Analyzing data sets and identifying unmet and under-served consumer needs highlights the third step. Remember to balance the ubiquitous data science with data artistry – valuing psychologists, semioticians, ethnographers, and ethicists to temper raw output with actual human insight.
Imagine these needs popping up in the intersections of a Venn diagram; for example, if you bring utility data together with banking transaction understanding, you can create new insights into that data and the potential for new services built upon that understanding.

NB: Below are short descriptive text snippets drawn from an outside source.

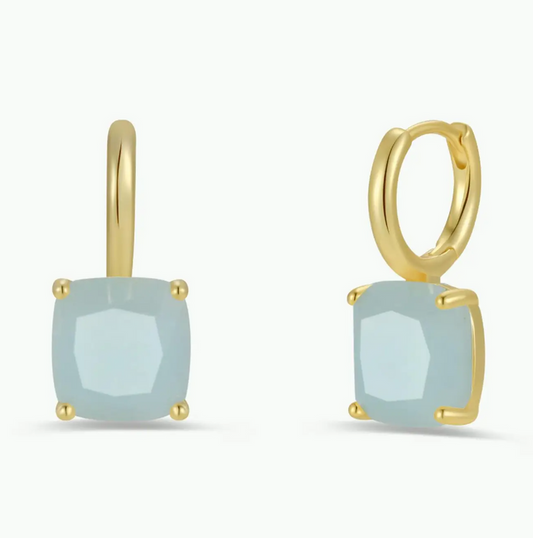 JaxKelly Gemstone Mini Drop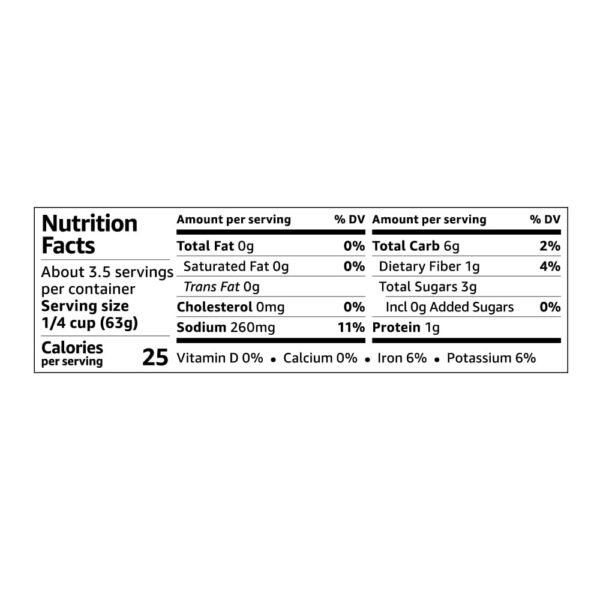 Hunt's Tomato Sauce No Salt Added (Pack of 6) - Image 4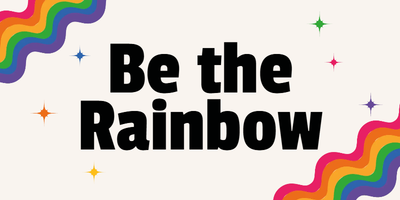 Custom Bumper Stickers Multiple Sizes Be The Rainbow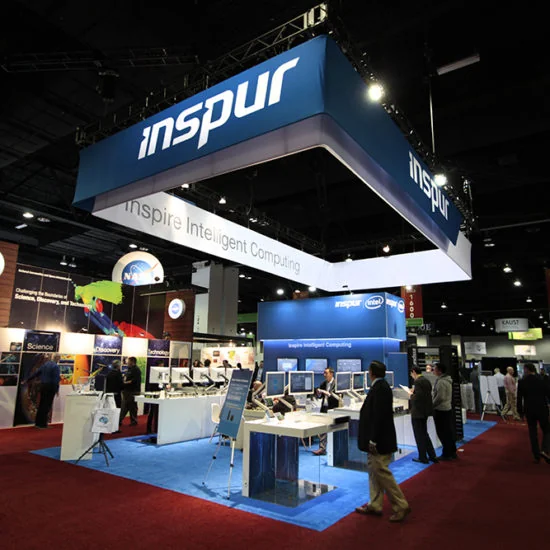 Booth 5 from Apex Exhibit - A Full-Service Custom Trade Show Exhibit Rental Company's portfolio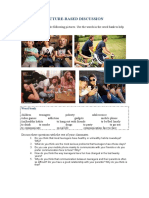 Teenagers Habits Picturebased Discussion Picture Description Exercises - 47038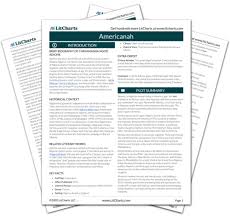 Americanah summary & study guide. Americanah Study Guide Literature Guide Litcharts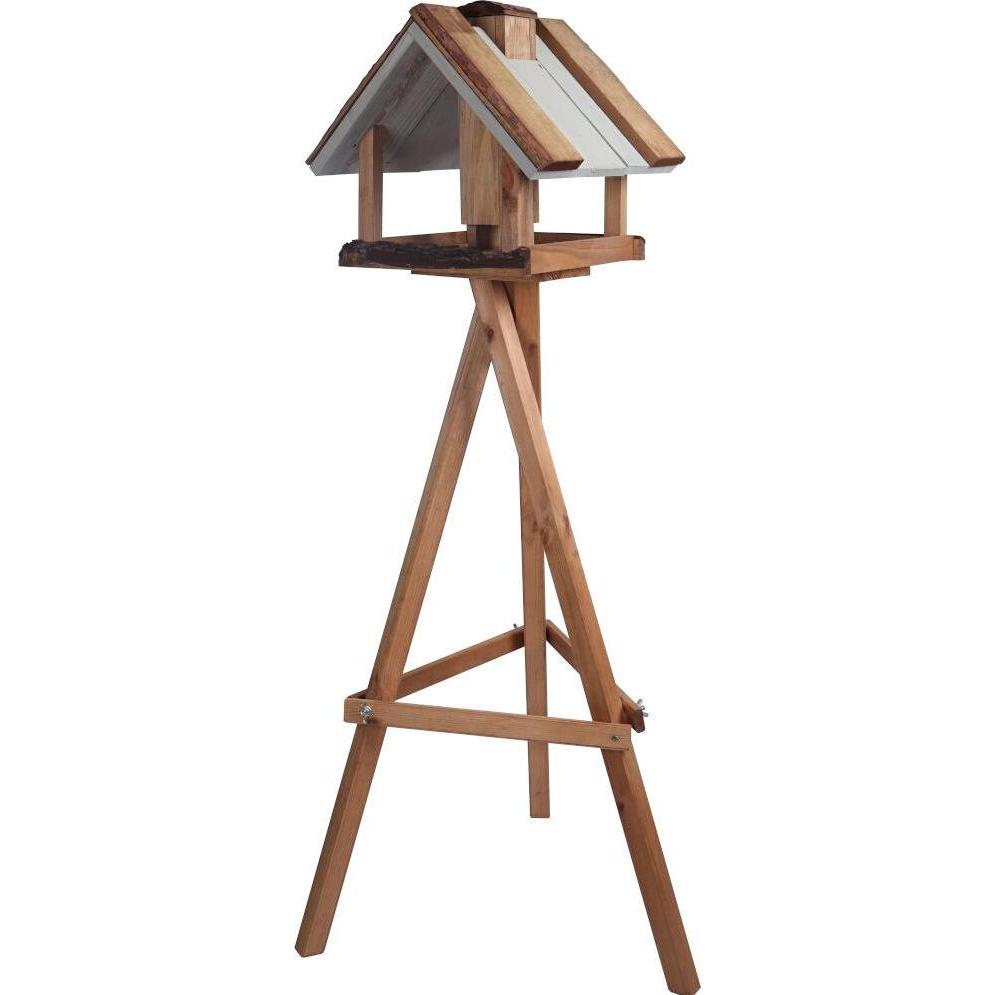 Meilleurs prix pour Siena Garden Futterschatz Sandro + Ständer Kiefer FSC 100 %, Nichoir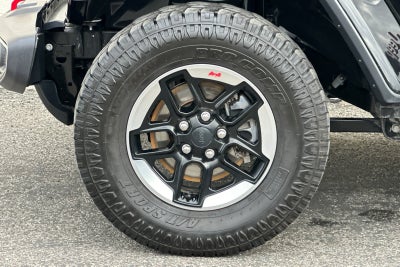2018 Jeep Wrangler Unlimited Rubicon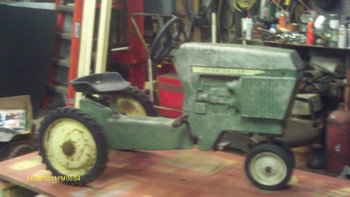 John Deere Pedal Tractor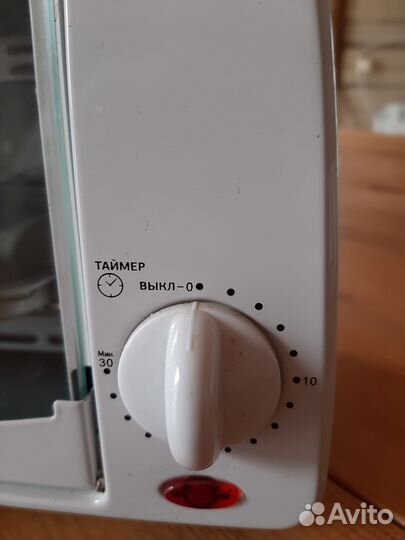 Мини-печь электрическая зоризонтальный тостер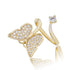 Butterfly Ring Fashion Women's Ring
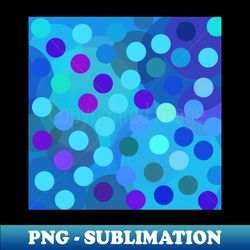 blue and purple pop art polka dot pattern - exclusive png sublimation download - perfect for sublimation art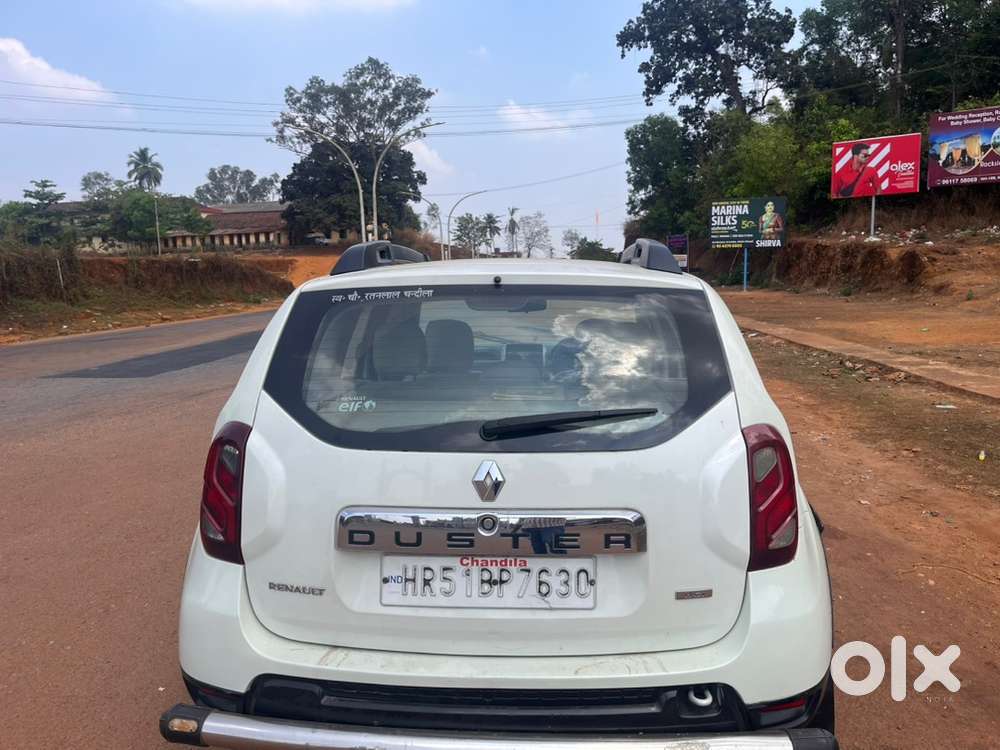 Renault Duster Diesel 2017
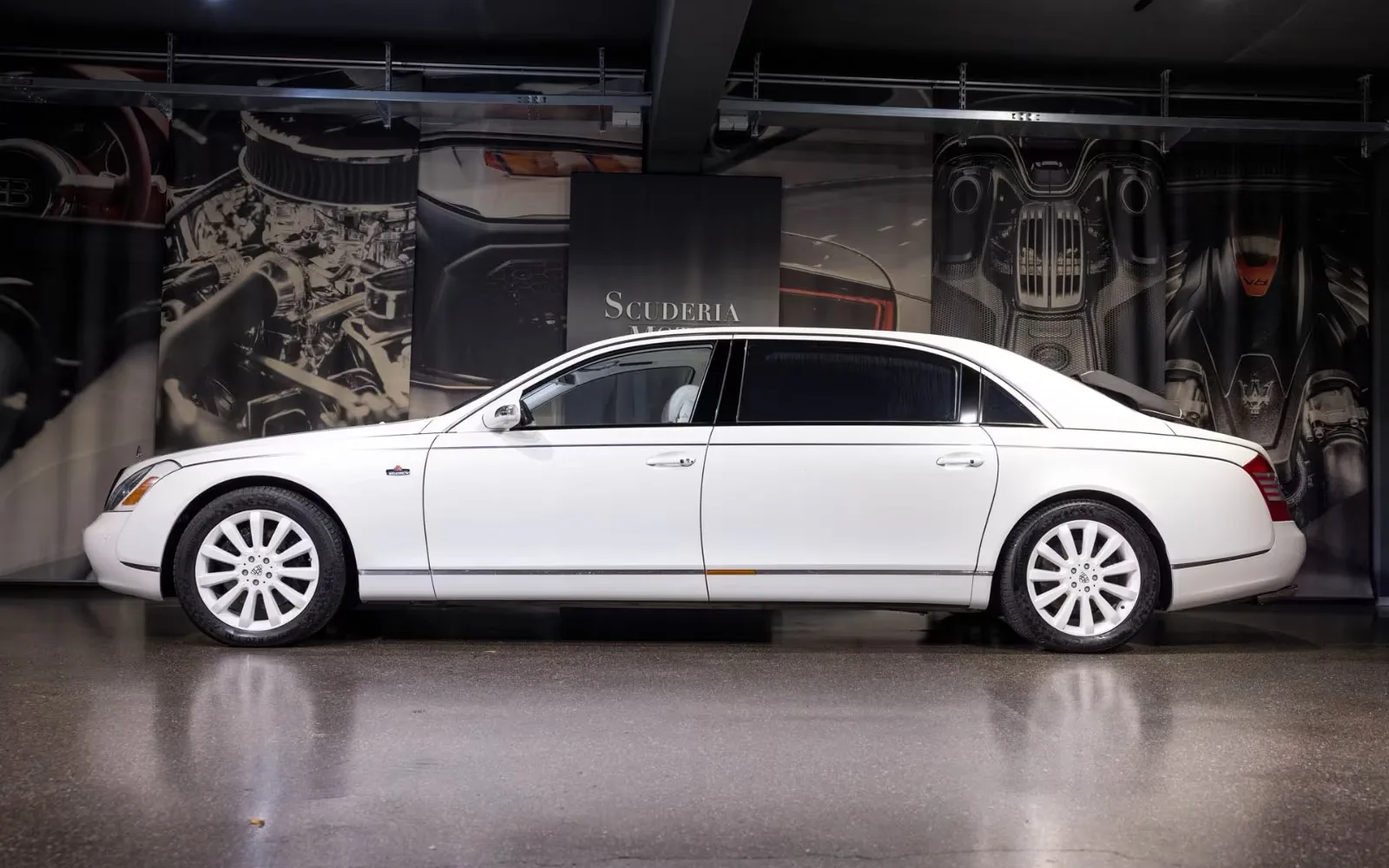 Maybach 62 S Landaulet for sale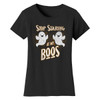 Women's 100% Cotton T-Shirts with Halloween Prints   product image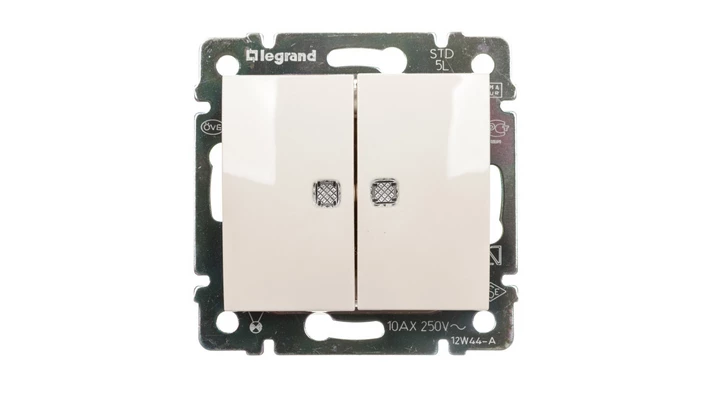 VALENA Łącznik świecznikowy kremowy 774328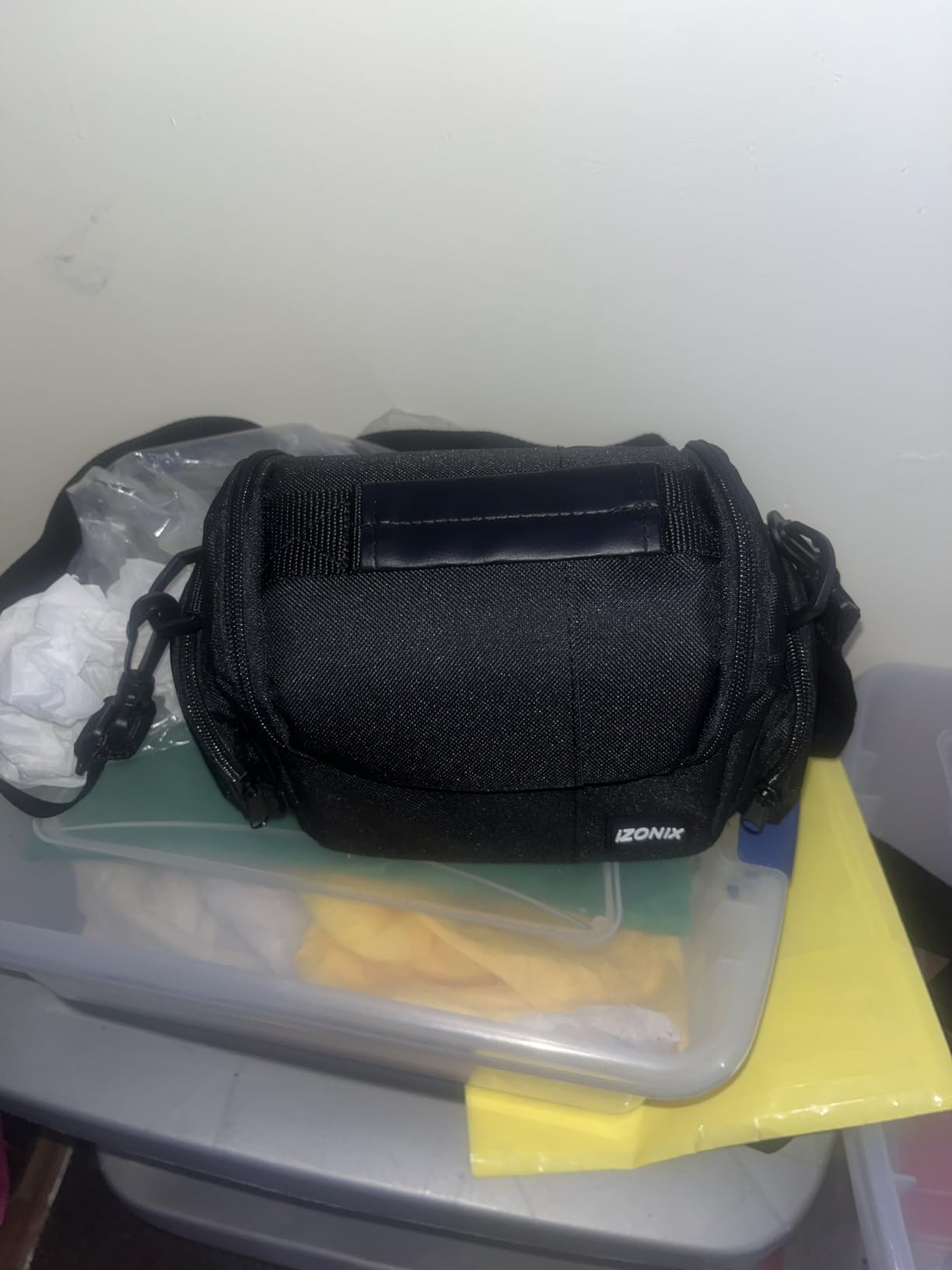 Large Padded Camera Bag with Shoulder Strap – DSLR & Mirrorless Camera Carrying Bag, Lightweight Protective Crossbody Camera Bag customer photo 1
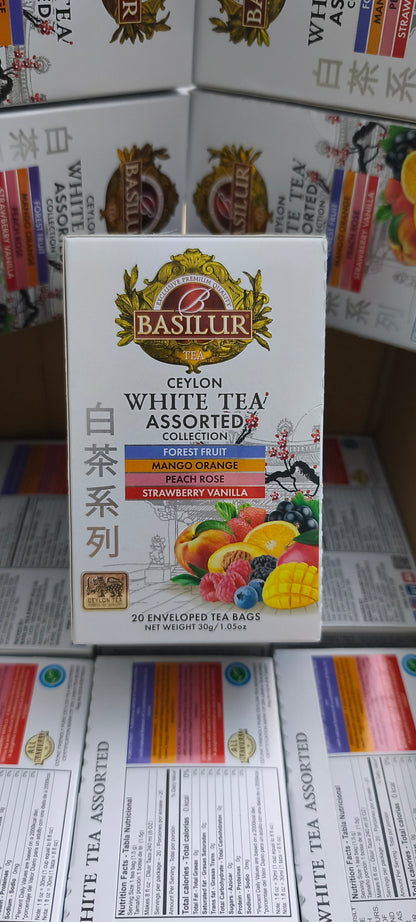Caja de te Basilur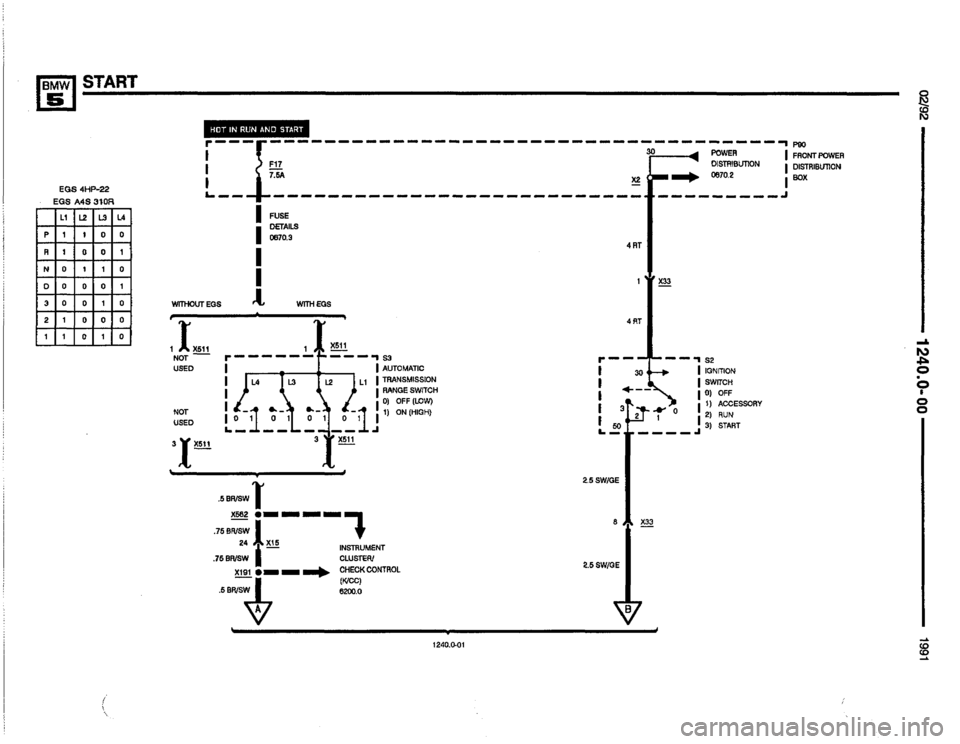 BMW 535i 1991 E34 Electrical Troubleshooting Manual BMW 535i 1991 E34 Electrical Troubleshooting Manual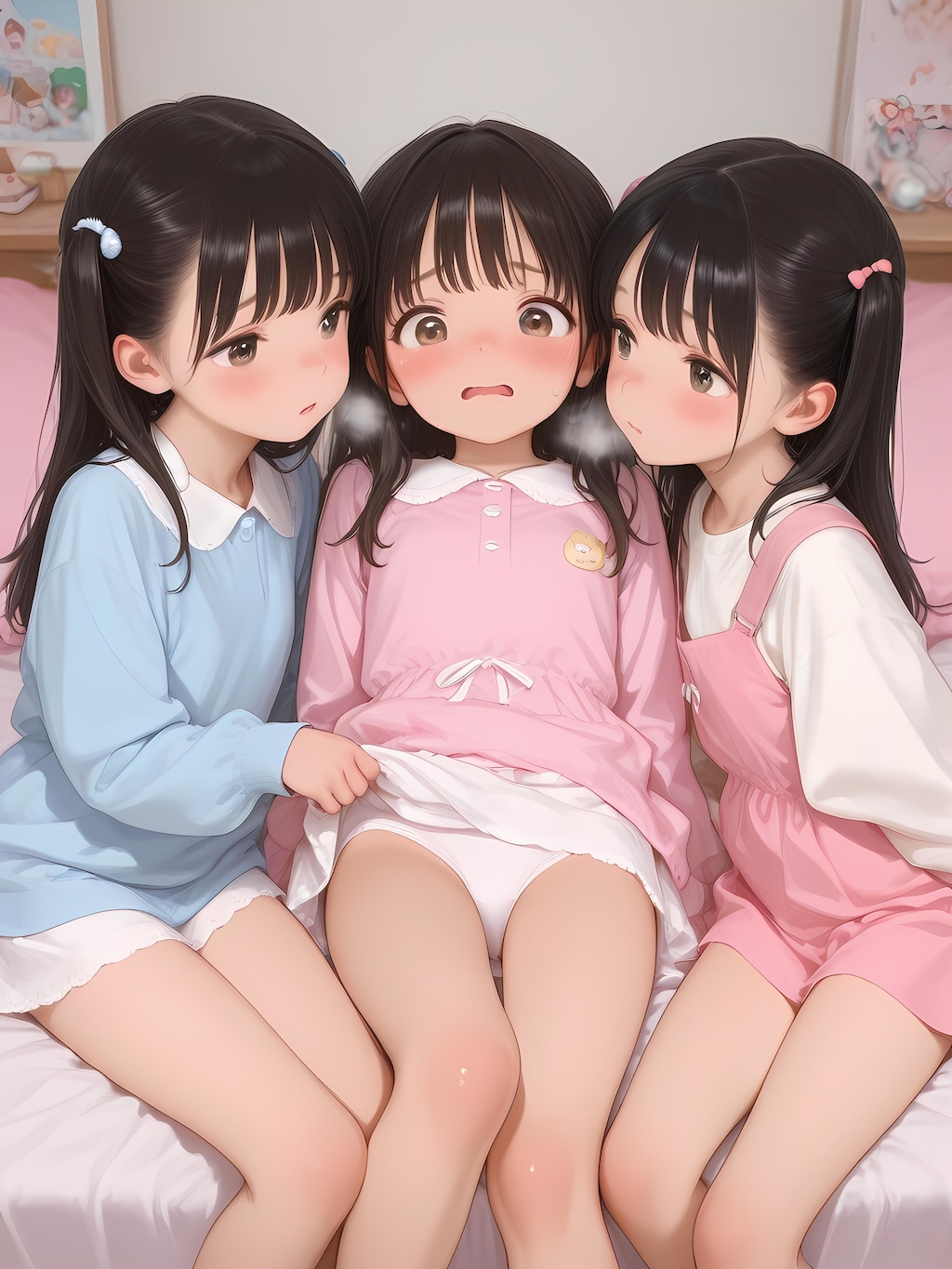ひみつのおんなのこ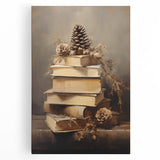 Rustic Winter Books – Elegant Christmas Wall Hangings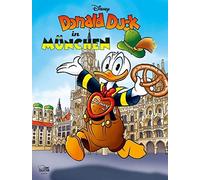 Walt Disney Donald Duck in München (Hardback)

Next, you must Listen to what the insight tells you, and use it to develop new hyper-personalized, predictive and preemptive services for your customers. Finally, and most importantly, you must Act on the insights to make the customer experience change.
Big Tech Leading the Way
To see how the use of data and advanced analytics can impact the consumer experience, you have to look no further than any of the larger tech firms. Firms like Amazon, Facebook, Google, Apple, Alibaba, Tencent and others already are leveraging data insights to reduce costs, improve processes, eliminate friction and improve experiences.
Some more enlightened banks are also on this journey. They are taking the historic data set of customers who have fallen into financial distress and, using machine learning, identifying the signature patterns in their spending behavior and demographics.
That allows the banks to build a predictive model to flag signs of approaching problems and when to intervene to help them preempt the situation. Consumers could then receive support when it would benefit them the most, and banks could reduce the time and money they spend helping people after they get into trouble.
Such insights by themselves are great. But unless financial institutions do something with these insights there is no real value. Banks and credit unions must dig into the less obvious spaces, building competitive advantages, with AI having a major role in this work.
One of the challenges is that there is a dangerous failure of creativity, borne out in the industry’s response to change by innovating in small pockets. More than simple technology expertise, bank leadership now needs the imagination to see a world of hyper-personalized, predictive and preemptive services, powered by cognitive technologies.
Deploying AI at scale in this way needs boards and executive teams with imagination, creativity, and courage. Imagination to soar above the temptation of restrictive incrementalism, creativity to work out how to take advantage of exponential change, courage to take a leading role in the open banking future. The result cannot be an apologetic ‘fast follower’ solution, with a smiley chatbot chuntering around the company website, pestering visitors.